Maddenin ve insanın değişimi, gelişimi tarihsel kaçınılmaz bir gerçektir. Toplumsal değişimler bazen öncesine göre daha kötü ve geri duruma düşebilir. O halde tarihin tekerleği geriye doğru mu dönüyor? Neden eskinin aksaklıklarını gidererek hep ileriye doğru bir akış olmuyor. Durağanlık oluyor gelgitler yaşanıyor. Oysa değişim ve devinimin sürekliliği vardır. Bu diyalektik bir kavramdır.

Her ne kadar eskiye göre kötü ve zor günler yaşansa da, bu kalıcı değildir. İnsanlık geçmişten aldığı deneyimle, mutlak ileriye doğru bir ivme kazanacaktır. Kısacası tarihin tekerleğini geriye çevirme olanağı yoktur. Sadece geçici bir süre durağanlaşabilir, hızı yavaşlatılabilir.

Buradan bakınca; “Neden eski Türkiye’yi arar olduk diye soracaksınız. Aslında yeni Türkiye’de daha iyiye, güzele, başarıya, liyakata, kalkınmaya gitmemiz gerekirdi” diyeceksiniz. Nedenlerini somut örneklerle açıklayalım.

Yeni Türkiye’de geçtiğimiz hafta Bankacılık Düzenleme ve Denetleme Kurumu (BDDK) başkan yardımcısı evlendi. Allah mesut ve bahtiyar eylesin. BDDK denetimi altında olan finans kuruluşlarına davetiye gönderiyor. “Bu özel günümde sizi de aramızda görmek istiyoruz” diyor. Haliyle denetimi altındaki banka yöneticileri sıkıysa katılmasın. Tören aslında gazetelerin yazdığına göre sadece takı merasimi için düzenlenmiş, oturacak sandalye bile yokmuş. Bankaların üst düzey yöneticileri uzun uzun takı kuyruğuna giriyorlar. Bankacılık tarihi böyle para toplama ve takı kuyruğu görmemiş.
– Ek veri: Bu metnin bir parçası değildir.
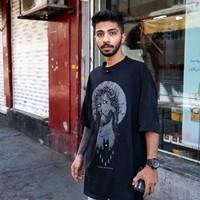 In the shadow of Zahhak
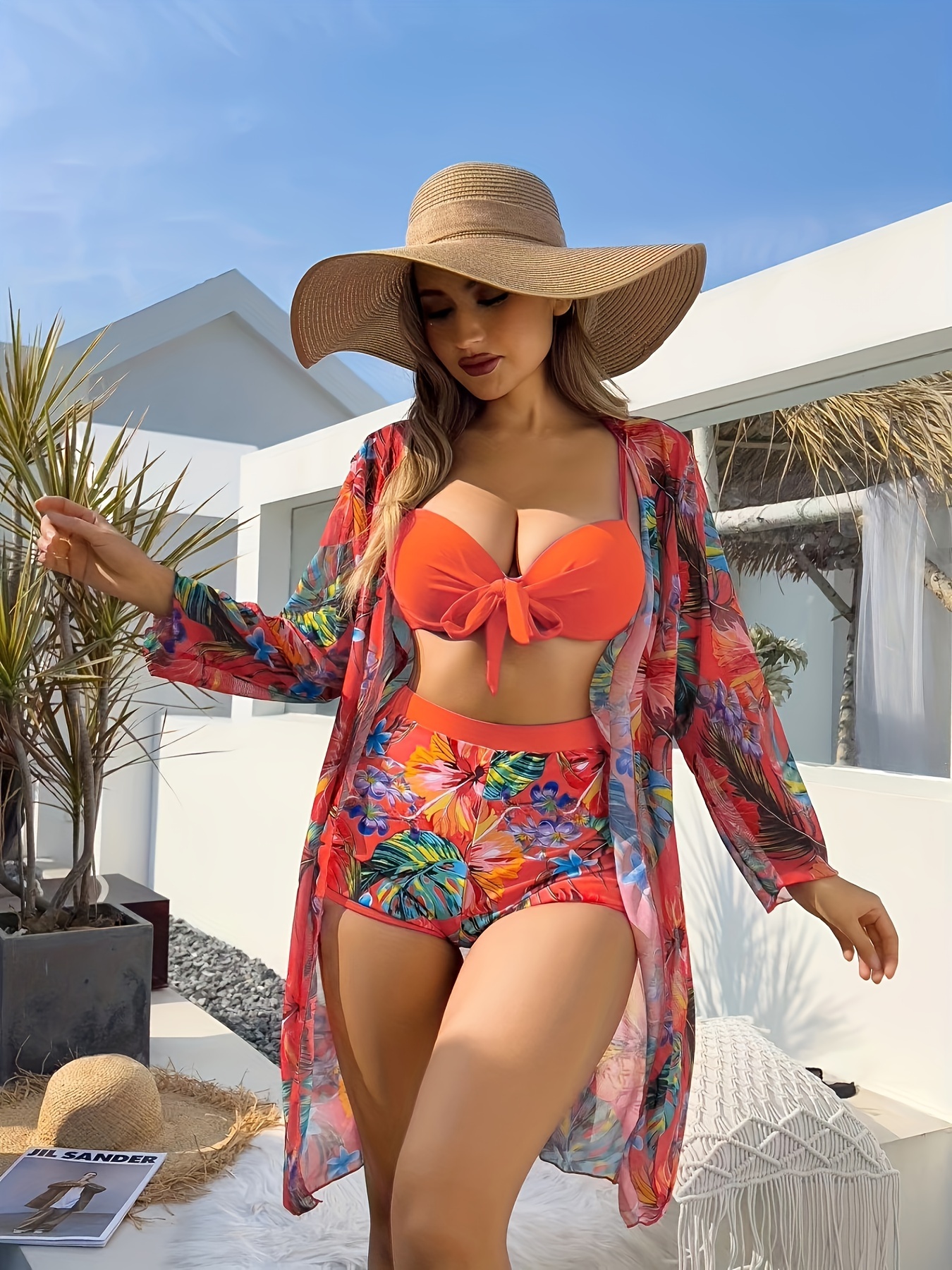 Best Deal for paredos de playa para mujer sexy Womens Two Piece
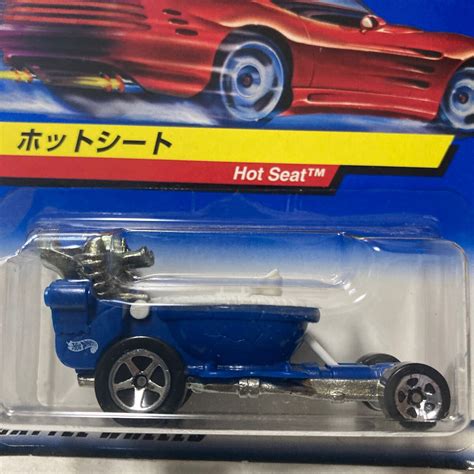 Yahoo オークション Hot Wheels Hot Seat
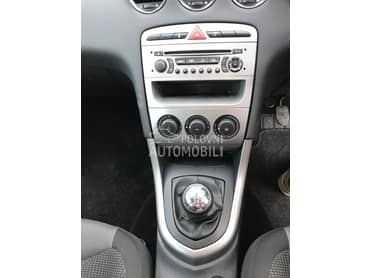 Radio CD za Peugeot 308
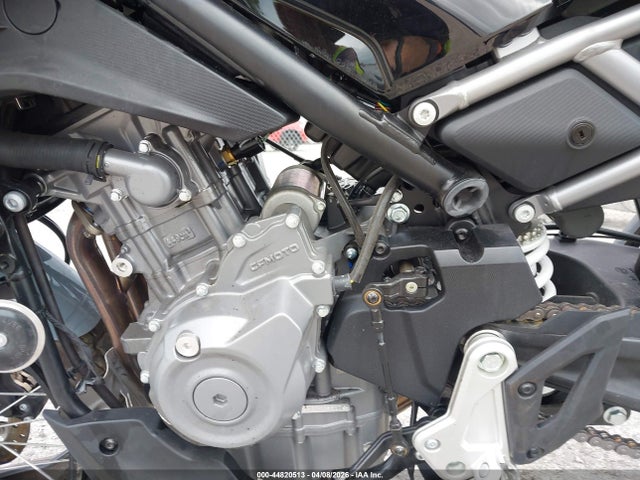 Cf Moto Ibex 450 2026 LCEPESLDXT6001779 Image 9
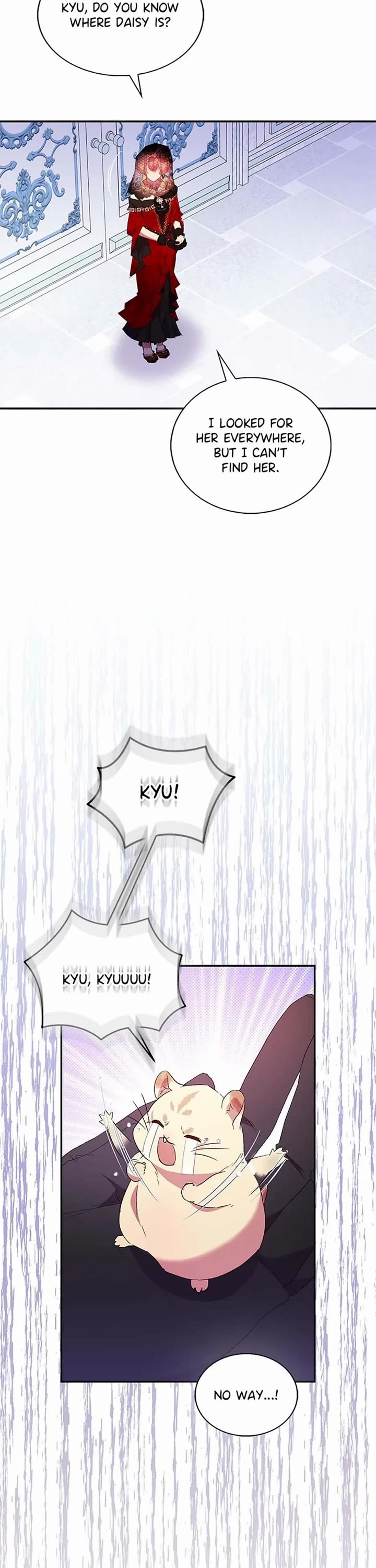 I'm a Fake Saintess But the Gods Are Obsessed With Me chapter 76 page 17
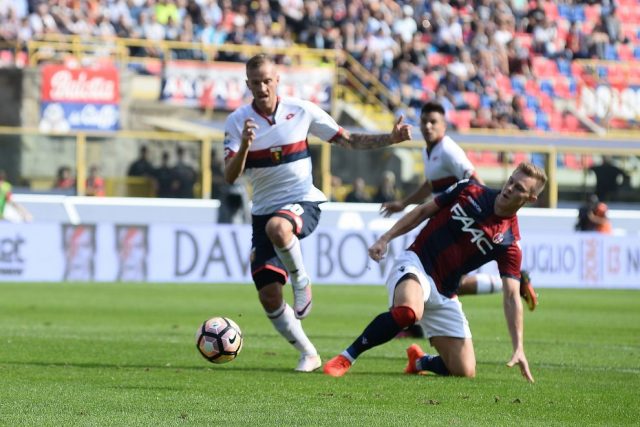 Nhận định Genoa vs Crotone, 20h00 ng&agrave;y 20/9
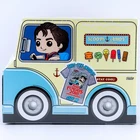 2018 SDCC Fundays Funko Pop Tee Stranger Things Steve Scoops Ahoy Size M T Shirt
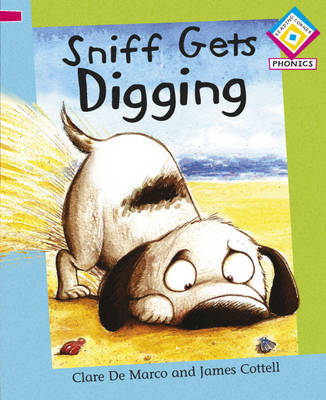 Sniff Gets Digging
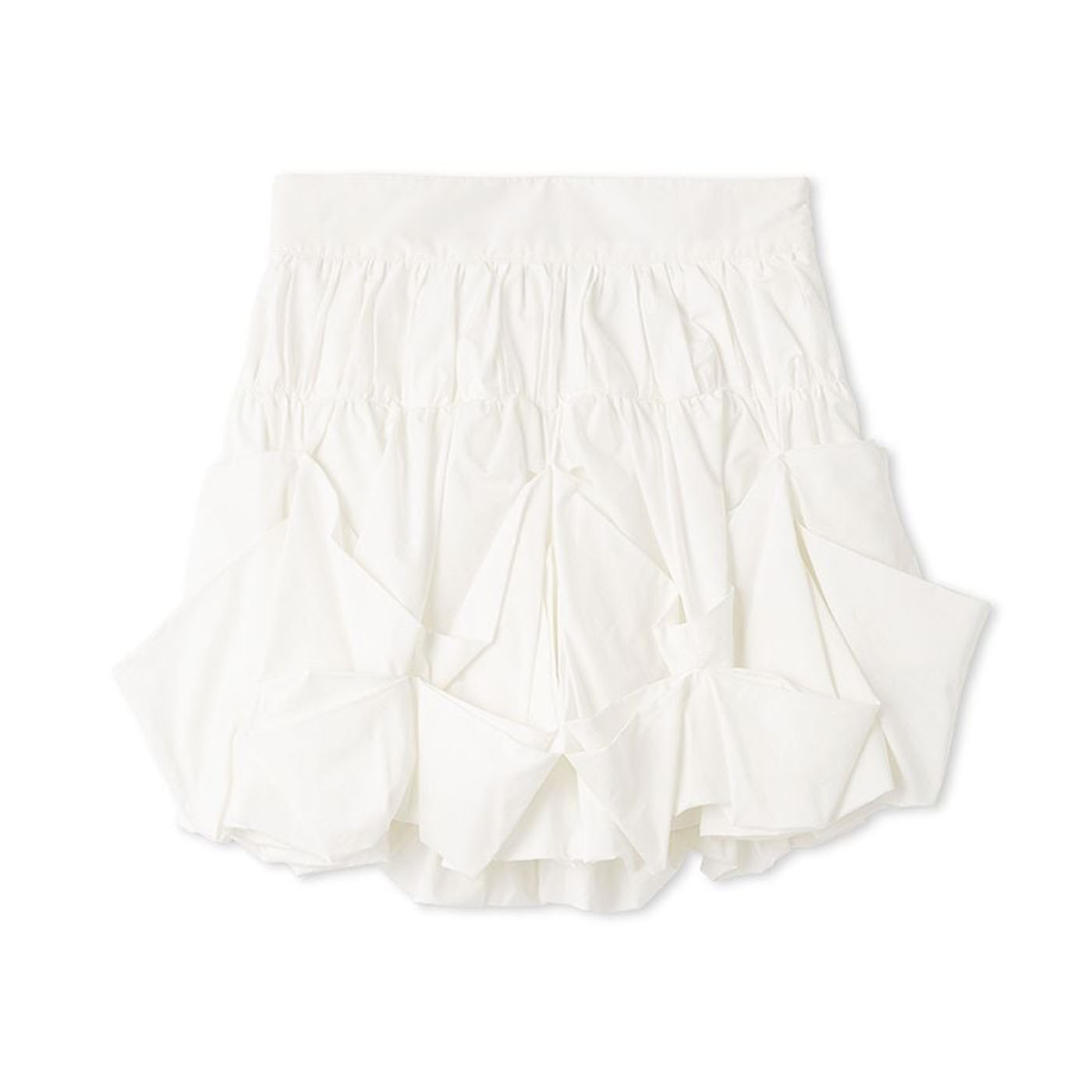 SNIDEL（スナイデル） SALE50%OFF ペタルバルーンスカショーパン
Doğrusu etik olup olmaması bir yana “Devlet memurları hediye alamaz” diye kanun var, madde var. Diğer yandan fotoğrafı biraz daha büyütelim. Dünya liderimiz iktidara gelince küçük oğlunu evlendirdi. Düğünü Lütfi Kırdar Kongre Sarayında yaptı. Törene 9 bin kişi katıldı. 19 televizyon haber kanalı 22 saat yayın yaptı. Sonra aynı salonda büyük kızını evlendirdi bu defa törene 7 bin kişi katıldı. “Çiçek gönderilmesin Çocuk Esirgeme Kurumuna bağış yapılsın” diye ilan verildiği halde, gazeteciler araştırma yaptı Çocuk Esirgeme Kurumuna bağış sıfır, fakat herkesin adını yazarak gönderdiği çiçekleri kamyonlarla taşıdılar. Bunlar yeni Türkiye örnekleri.

Eski Türkiye’nin liderlerinden İsmet Paşa Malatya’da bir kumaş fabrikasının açılışını yapıyor. Fabrika yetkilileri ısrarla birkaç elbiselik kumaşı, Mevhibe Hanım’a vermek üzere İnönü’ye hediye ediyorlar. İnönü ısrarlara dayanamıyor kumaşı alıyor, fakat yanındakilere “Mutlaka ücretini ödeyin ve faturayı alın” diyor.

1950’de Demokrat Parti iktidara gelince Malatya milletvekili Ahmet Gürkan, meclis kürsüsünden “İnönü ailesi devleti soydu, Malatya Fabrikası’ndan metrelerce kumaş götürdüler, ben gözümle gördüm” diyor.

TBMM toplantısında İnönü kumaş için ödediği faturayı çıkarıp gösteriyor. Sonrasında Ahmet Gürkan büyük bir olgunluk göstererek, kürsüden İnönü’den özür diliyor. Yanına giderek elini öpüyor. Eski Türkiye böyleydi.

Eski Türkiye’ye bir diğer örnek ise. Onuncu Cumhurbaşkanımız Sayın Ahmet Necdet Sezer Çankaya Köşkünde oğlunu evlendirdi. Basına kapalı ve sade bir nikah töreni. Makamı kullanıp “Fırsat bu fırsat binlerce insan çağırıp takıları toplayım” demedi. Takı töreni yapılmadı. İlla getirenlerin takıları da nazikçe iade edildi. Bütün masraflar aile bütçesinden karşılandı. Nikahtan önce su ve elektrik sayaçlarını not ettiler. O gün kullanılan elektrik ve suyu cebinden ödedi. Cumhurbaşkanlığı döneminde gelen 1243 parça hediyenin tamamını devlete bağışladı.

İşte size eski ve yeni Türkiye örnekleri. Ben eski Türkiye’den yanayım. Eski kafalı değilim ama, sizi bilemem. Bazen 20 yıl geri gidersiniz, 40 yıl ileri gitmiş gibi olursunuz. Dedik ya tarihin tekerleği geriye döndürülemez.